I am a Korean student studying natural language processing.
When I put a sentence in LSTM, I want to put it in a 3-dimensional array.
I'm going to change sentence 나는 집에서 친구와 밥을 먹었다.
like [['나', '는'],['집','에서'],['친구','와'],['밥','을'],['먹','었','다','.']]
and I will change words to vector (embedding). like:
[[ [1,0,0,0, ... ], [0,1,0,0, ... ] ], [ [0,0,1,0, ... ], [0,0,0,1, ...] ], [...], ...]
So, here's a 3-dimensional array in one sequence.
How do I input 3-dimensional array to one LSTM?????

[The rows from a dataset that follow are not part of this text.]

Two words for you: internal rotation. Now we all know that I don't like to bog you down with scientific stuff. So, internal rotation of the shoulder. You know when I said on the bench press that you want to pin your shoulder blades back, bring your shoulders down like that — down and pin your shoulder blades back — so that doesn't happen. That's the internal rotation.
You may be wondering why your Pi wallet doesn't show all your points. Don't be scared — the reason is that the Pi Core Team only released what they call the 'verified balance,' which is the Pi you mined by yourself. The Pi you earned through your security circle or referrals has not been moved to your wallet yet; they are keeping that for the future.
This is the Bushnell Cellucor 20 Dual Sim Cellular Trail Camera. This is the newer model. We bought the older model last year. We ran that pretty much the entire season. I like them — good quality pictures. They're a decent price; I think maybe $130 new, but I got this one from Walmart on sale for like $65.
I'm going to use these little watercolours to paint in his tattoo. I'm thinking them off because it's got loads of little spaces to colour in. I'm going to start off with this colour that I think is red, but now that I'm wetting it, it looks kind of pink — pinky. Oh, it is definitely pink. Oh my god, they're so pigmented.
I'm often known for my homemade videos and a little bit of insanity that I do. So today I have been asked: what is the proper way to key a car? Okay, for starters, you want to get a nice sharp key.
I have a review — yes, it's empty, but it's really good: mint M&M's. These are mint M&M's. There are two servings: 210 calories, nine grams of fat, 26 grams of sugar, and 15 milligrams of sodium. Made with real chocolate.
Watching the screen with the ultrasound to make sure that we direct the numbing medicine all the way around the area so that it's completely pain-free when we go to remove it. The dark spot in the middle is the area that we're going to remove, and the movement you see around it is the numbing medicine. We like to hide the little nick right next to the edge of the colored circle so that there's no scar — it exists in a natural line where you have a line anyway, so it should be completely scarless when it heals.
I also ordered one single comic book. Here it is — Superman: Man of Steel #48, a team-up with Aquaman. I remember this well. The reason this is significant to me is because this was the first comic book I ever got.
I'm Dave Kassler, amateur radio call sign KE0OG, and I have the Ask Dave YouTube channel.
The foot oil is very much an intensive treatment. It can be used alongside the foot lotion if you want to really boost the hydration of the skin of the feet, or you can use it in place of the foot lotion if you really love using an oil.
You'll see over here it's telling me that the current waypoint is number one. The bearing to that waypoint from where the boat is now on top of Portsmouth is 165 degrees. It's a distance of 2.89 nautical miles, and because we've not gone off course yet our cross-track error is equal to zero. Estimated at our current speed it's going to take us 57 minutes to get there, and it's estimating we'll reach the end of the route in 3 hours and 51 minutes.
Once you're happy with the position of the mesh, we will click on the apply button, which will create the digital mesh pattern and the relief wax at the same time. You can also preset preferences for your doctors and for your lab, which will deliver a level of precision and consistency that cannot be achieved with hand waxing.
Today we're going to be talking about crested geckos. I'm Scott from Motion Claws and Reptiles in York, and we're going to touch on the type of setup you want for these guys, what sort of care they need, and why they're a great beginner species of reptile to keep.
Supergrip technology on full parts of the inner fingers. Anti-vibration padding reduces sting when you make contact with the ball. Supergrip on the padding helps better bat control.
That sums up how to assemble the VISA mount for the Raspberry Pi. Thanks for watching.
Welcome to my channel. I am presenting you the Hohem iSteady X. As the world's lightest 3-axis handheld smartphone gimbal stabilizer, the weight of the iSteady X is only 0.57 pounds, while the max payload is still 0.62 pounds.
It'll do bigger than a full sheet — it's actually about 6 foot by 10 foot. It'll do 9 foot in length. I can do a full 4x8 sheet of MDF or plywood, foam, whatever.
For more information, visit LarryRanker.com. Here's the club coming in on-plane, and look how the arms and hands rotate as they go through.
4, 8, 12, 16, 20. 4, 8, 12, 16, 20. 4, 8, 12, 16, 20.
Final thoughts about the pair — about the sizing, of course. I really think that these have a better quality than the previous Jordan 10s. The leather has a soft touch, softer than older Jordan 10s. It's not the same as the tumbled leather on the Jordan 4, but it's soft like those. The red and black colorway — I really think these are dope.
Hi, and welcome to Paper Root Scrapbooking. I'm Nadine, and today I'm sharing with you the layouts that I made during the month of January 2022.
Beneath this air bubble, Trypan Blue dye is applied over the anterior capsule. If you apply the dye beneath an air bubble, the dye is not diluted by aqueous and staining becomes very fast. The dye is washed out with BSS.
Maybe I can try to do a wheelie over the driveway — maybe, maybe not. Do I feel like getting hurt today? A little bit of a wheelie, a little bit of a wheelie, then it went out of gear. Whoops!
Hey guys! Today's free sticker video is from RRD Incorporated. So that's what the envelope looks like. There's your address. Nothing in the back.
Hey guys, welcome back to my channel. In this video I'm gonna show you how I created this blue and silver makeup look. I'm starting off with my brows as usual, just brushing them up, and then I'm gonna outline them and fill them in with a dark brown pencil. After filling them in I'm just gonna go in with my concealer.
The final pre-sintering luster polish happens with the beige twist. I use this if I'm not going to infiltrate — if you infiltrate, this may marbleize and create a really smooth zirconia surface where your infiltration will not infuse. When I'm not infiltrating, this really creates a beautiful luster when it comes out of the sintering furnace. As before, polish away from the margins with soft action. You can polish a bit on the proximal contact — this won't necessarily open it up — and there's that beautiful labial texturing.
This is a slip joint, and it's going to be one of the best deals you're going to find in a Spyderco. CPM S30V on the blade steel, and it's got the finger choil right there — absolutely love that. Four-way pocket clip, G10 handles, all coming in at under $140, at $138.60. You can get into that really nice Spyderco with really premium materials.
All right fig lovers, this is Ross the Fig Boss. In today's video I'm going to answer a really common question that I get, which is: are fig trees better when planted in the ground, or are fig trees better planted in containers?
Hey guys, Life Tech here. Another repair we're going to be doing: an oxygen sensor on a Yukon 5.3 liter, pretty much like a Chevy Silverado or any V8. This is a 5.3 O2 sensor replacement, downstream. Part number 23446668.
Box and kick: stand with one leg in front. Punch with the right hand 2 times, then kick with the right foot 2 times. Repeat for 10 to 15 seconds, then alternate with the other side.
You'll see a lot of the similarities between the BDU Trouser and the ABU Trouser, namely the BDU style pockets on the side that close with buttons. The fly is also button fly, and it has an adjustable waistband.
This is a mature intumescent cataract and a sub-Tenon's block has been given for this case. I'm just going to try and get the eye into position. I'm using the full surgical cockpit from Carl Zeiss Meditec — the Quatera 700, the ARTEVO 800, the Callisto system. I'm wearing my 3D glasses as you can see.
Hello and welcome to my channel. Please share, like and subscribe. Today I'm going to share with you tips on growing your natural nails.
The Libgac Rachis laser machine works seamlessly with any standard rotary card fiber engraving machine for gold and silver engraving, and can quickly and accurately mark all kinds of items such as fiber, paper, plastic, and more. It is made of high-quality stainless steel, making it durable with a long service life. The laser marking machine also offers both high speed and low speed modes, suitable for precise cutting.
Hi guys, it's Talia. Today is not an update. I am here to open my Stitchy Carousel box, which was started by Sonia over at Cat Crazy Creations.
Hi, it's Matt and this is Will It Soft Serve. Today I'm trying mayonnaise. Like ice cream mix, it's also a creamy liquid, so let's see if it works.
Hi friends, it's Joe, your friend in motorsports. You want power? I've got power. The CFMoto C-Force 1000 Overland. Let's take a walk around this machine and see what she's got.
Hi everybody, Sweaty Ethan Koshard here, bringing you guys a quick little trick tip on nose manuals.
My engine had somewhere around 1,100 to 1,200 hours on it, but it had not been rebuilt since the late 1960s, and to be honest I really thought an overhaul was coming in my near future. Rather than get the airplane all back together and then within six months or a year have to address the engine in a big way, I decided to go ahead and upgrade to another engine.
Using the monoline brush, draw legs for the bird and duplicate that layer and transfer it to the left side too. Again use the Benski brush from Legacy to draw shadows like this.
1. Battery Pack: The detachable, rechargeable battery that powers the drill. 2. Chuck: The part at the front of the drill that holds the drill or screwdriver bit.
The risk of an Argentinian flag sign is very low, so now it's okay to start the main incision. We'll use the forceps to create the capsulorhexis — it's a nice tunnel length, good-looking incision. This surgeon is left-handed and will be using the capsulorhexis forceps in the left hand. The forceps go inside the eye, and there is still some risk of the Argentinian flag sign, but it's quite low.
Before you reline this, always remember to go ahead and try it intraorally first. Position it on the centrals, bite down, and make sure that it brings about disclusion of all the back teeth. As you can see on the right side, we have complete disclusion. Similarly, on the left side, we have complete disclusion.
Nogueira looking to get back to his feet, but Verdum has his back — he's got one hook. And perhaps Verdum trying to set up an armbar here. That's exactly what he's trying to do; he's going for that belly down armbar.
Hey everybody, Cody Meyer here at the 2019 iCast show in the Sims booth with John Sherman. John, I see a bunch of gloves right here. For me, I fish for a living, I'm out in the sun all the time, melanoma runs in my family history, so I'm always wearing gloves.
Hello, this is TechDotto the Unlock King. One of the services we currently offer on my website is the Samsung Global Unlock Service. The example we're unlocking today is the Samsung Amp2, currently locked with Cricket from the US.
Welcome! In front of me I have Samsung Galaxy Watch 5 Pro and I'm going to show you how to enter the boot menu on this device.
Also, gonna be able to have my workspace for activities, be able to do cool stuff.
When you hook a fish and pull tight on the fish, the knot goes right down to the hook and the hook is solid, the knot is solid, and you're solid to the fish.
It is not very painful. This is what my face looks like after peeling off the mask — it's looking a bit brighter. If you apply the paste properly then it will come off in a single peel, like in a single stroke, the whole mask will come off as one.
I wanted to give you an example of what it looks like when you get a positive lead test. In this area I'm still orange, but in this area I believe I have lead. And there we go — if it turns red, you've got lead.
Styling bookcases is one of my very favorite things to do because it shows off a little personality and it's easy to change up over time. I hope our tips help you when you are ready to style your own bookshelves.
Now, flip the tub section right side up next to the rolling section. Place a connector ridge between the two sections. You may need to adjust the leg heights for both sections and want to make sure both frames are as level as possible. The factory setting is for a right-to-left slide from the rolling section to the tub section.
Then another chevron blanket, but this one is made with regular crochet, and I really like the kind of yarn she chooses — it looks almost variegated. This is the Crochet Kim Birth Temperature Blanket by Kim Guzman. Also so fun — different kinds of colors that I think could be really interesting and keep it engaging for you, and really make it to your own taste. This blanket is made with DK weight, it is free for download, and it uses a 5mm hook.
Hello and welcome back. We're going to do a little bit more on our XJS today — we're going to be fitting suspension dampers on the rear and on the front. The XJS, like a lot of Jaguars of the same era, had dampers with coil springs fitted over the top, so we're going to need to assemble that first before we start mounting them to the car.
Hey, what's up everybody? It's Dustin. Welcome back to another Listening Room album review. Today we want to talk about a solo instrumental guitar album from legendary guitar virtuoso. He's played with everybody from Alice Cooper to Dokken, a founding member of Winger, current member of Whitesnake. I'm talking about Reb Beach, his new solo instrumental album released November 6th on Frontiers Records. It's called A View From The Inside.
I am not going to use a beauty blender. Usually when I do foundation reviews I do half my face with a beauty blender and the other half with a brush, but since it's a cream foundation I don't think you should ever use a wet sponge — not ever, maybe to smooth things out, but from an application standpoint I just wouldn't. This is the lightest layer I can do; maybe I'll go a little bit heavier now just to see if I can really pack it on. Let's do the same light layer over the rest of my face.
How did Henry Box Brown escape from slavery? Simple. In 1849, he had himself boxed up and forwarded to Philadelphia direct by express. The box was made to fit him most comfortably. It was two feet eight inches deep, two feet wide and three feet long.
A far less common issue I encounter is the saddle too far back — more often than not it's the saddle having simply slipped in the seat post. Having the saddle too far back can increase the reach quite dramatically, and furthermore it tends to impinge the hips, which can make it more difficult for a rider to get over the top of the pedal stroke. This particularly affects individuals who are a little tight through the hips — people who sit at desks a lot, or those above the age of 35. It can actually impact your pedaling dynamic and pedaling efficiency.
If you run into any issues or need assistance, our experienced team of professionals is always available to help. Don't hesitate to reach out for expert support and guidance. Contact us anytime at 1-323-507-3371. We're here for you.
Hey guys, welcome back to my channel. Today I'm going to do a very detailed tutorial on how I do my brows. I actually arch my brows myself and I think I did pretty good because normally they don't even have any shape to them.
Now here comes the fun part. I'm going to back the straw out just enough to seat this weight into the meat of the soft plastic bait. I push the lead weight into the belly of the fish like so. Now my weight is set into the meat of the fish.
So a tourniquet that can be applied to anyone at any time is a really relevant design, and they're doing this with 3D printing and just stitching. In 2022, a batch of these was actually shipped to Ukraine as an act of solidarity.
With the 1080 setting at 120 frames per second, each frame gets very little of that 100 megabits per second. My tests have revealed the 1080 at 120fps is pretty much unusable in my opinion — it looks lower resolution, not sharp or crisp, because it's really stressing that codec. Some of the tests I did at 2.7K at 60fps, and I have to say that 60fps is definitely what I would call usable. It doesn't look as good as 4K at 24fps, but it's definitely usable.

Or, Is this possible??? Stupid question, I'm sorry.
I don't know how to change it.
class Tagger(nn.Module):
def __init__(self,
embedding_dim=43,
n_layers=4,
dropout=0.2,
output_dim=11,
bidirectional=False):
super(WordTagger, self).__init__()
self.lstm = nn.LSTM(embedding_dim, embedding_dim,
num_layers=n_layers, bidirectional=bidirectional)
self.hidden_dim = (embedding_dim * 2) if bidirectional else embedding_dim
self.linear = nn.Linear(self.hidden_dim, output_dim)
self.dropout = nn.Dropout(dropout)
def forward(self, embedded):
lstmed, _ = self.lstm(embedded)
outputs = self.linear(self.dropout(lstmed))
scores = F.log_softmax(outputs, dim=1)
return scores
First of all use English. It could be better to get answer.
And, see here it could be helpful.
One hot encoding is popular for struct unordered matrix. search 'one hot encoding' in Korean with google. It could be find.